───── Exercise data

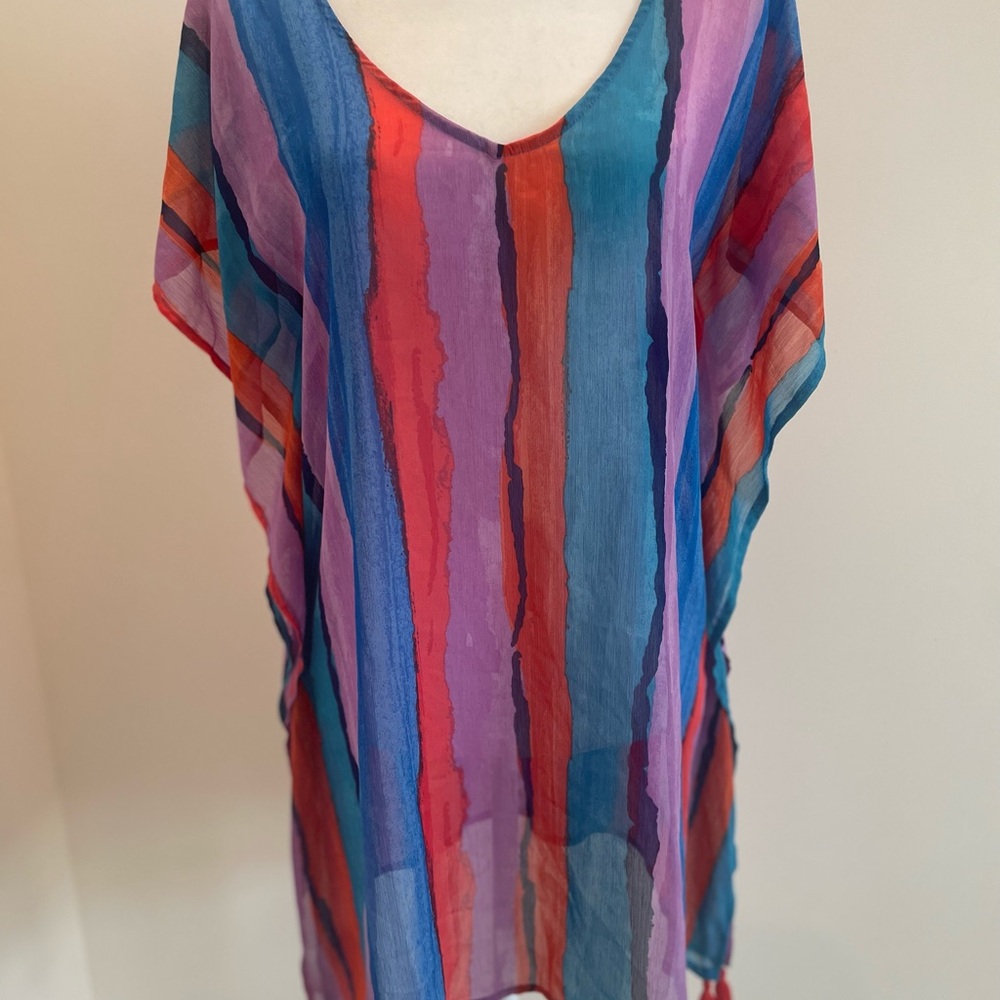 Colorful Striped Kaftan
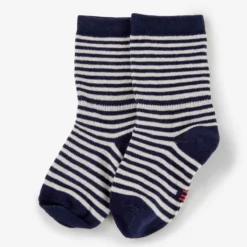 Lot De 5 Paires De Chaussettes Enfant - à Motifs -Magasin De Vêtements De Sport pack de 5 chaussettes montantes enfant basique bleu a motifs 4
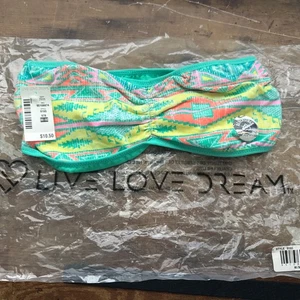 NWT Womens Liv Love Swim Suit Top Navy Marine Size M - Picture 1 of 7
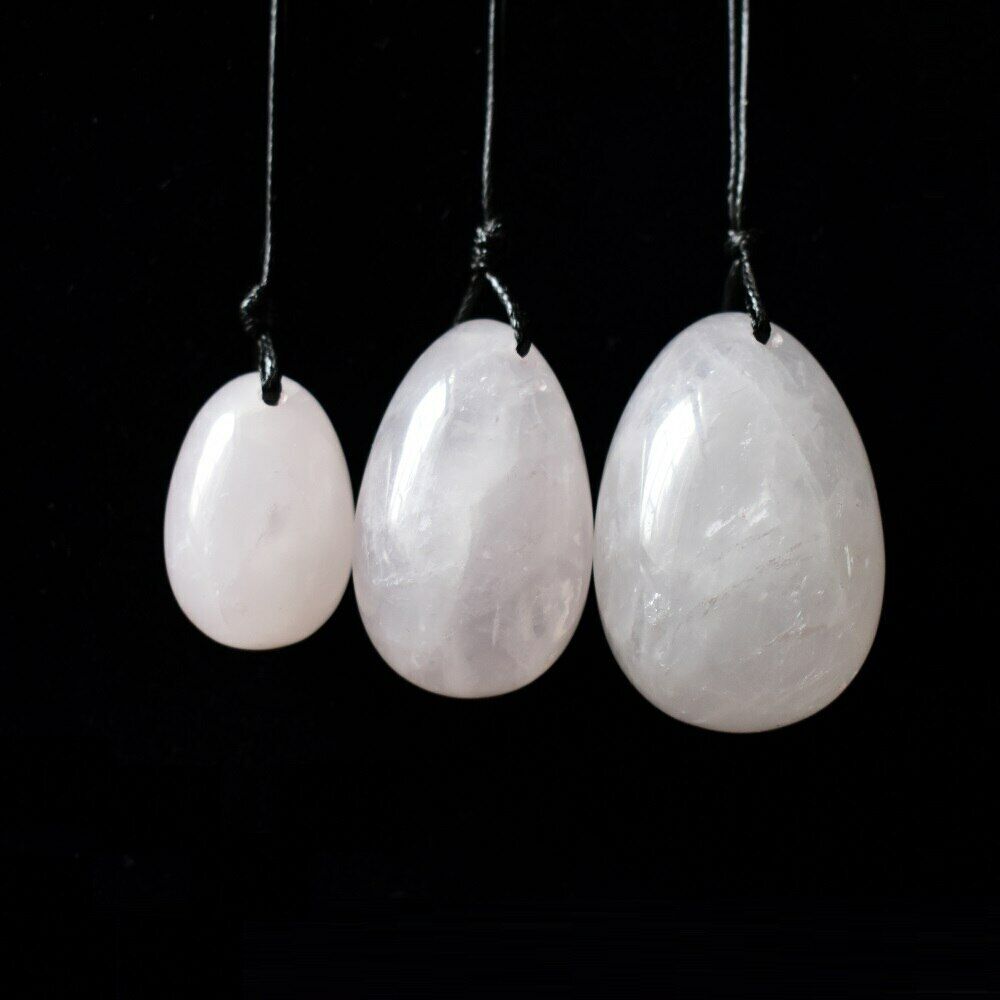 Women Exerciser Ball Massager Vaginal Muscles Tightening Ball Rose Quartz Egg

──────────

# How to complete this task
Could you return exactly the lines starting with the one that contains "NWT Womens Liv" and ending with the last line of the data above? Leave the pictures out.

# Answer to this exercise
 NWT Womens Liv Love Swim Suit Top Navy Marine Size M - Picture 1 of 7
 Women Exerciser Ball Massager Vaginal Muscles Tightening Ball Rose Quartz Egg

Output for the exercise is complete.